Perhaps things are spinning aparty
As the world spins
“turning an turning in the widening gyre”

Perhaps indeed
“things fall apart, the centre cannot hold”  (Yeats, Second Coming)

We live in anxious times,
With the rupture of traditional family and societal structures (that’ not all bad)
the loss of collective religious faith,
and erosion of a collective sense of purpose

Perhaps, in the time of Trump,
when we sense that the old rules no longer apply
and there’s nothing to replace them
and all we have left are lies, and hate, greed and brutality

it is true
that “some rough beast… slouches to Bethlehem to be born”

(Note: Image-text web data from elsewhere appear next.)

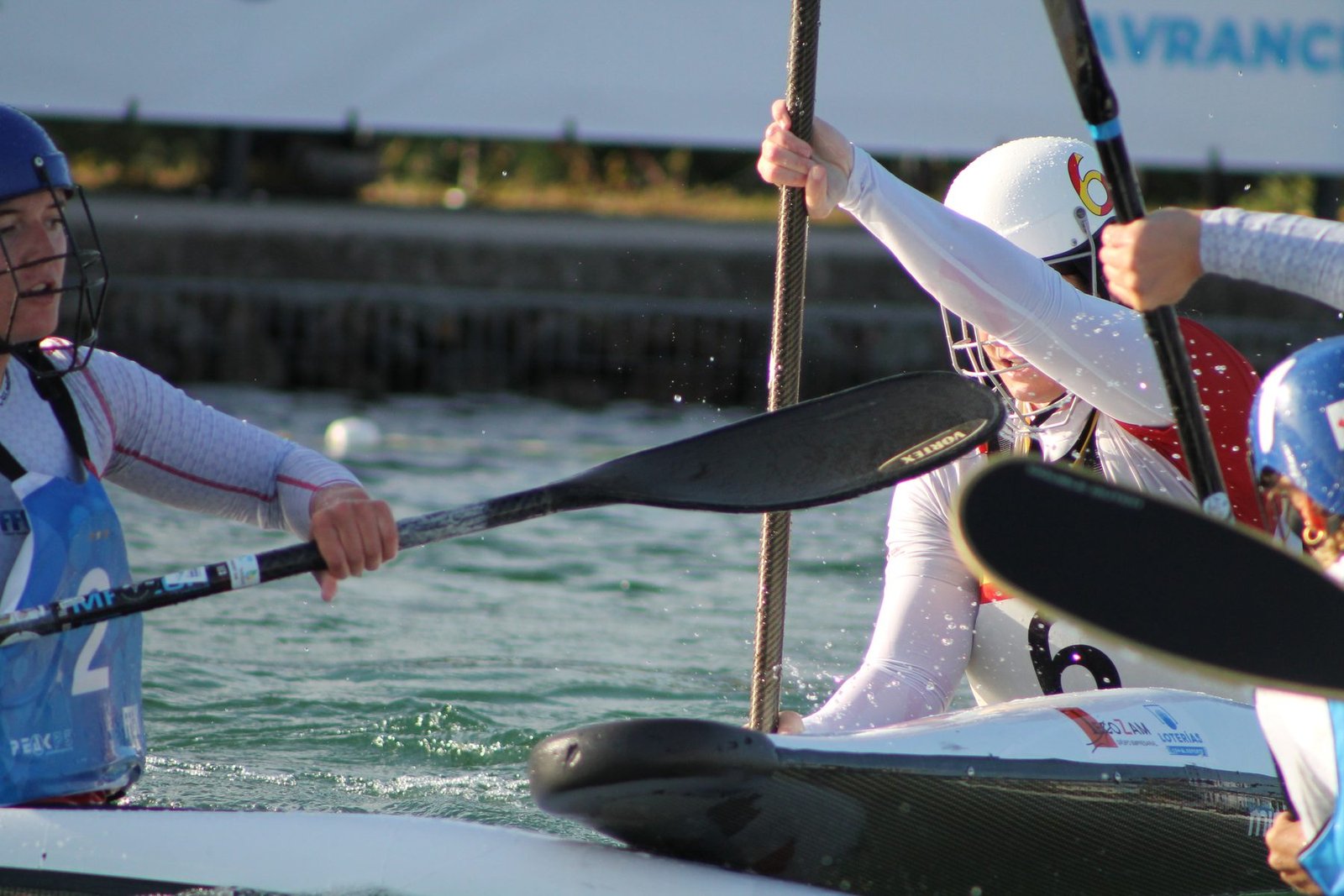 A Spanish kayak polo player challenges an opponent for the ball, paddles crossed, during the ECA 2025 European Championships in Avranches.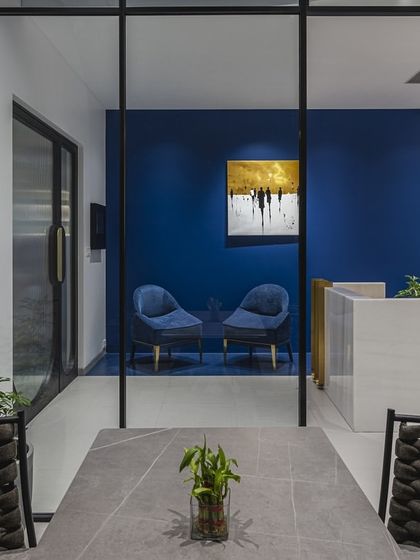 A view from the meeting room into the reception area of a modern Mumbai office. The use of glass walls maintains an open feel while delineating separate functional zones, blending privacy with a collaborative spirit.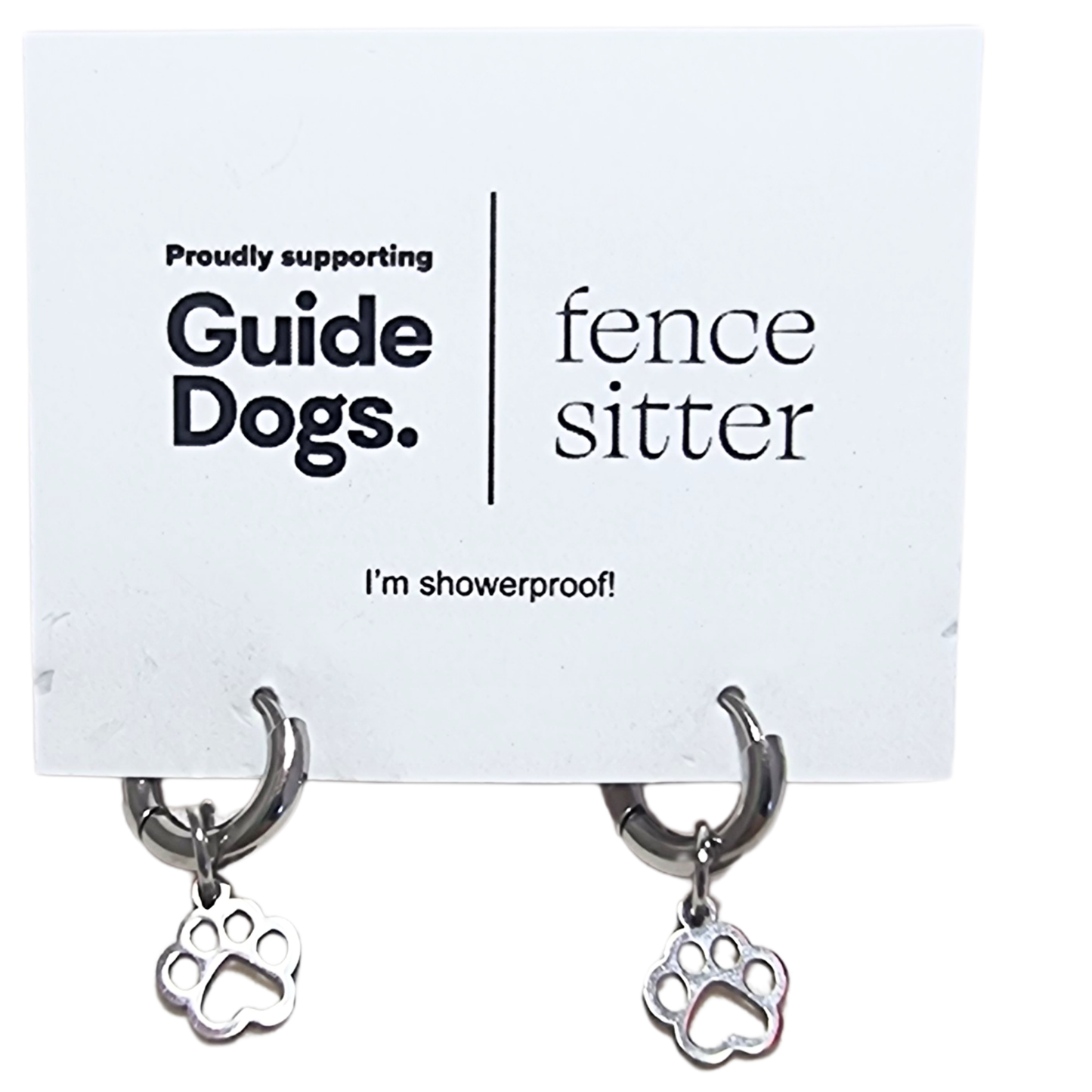 Image of a pair of earrings with paw charm on a card supporting Guide Dogs.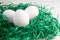 Eggs in a green paper nest. Three white eggs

and we are left, watching its ponderous progress
as hate flourishes
and racism explodes
as fear dominates
a cruelty increases

We are left watching as inequity and injustice grow

This is a time of looming darkness
This ADVENT
This time of waiting

And yet, we feel the call to resist the growing darkness
The imagery of Advent, the light shining in the darkness
Flickering, but hopefully
Ever growing

“But how!” we cry

And we stand perplex and vulnerable

O Sacred Children
We are not helpless

We have the power of the universe at our command
We have that which can transform

We have love
Not love as a vague romantic notion
But love as sacrifice and expenditure

And love is released first through compassion
It is sparked as we see and feel, the pain of others
As we participate in hunger, and fear
Rejection and exclusion

And then our souls offended, say “enough, no more”
“Compassion constitutes a radical form of criticism,
for it announces that the hurt is to be taken seriously,
that the hurt is not to be accepted as normal and natural
but is an abnormal and unacceptable condition for humanness.” (Walter Brueggemann)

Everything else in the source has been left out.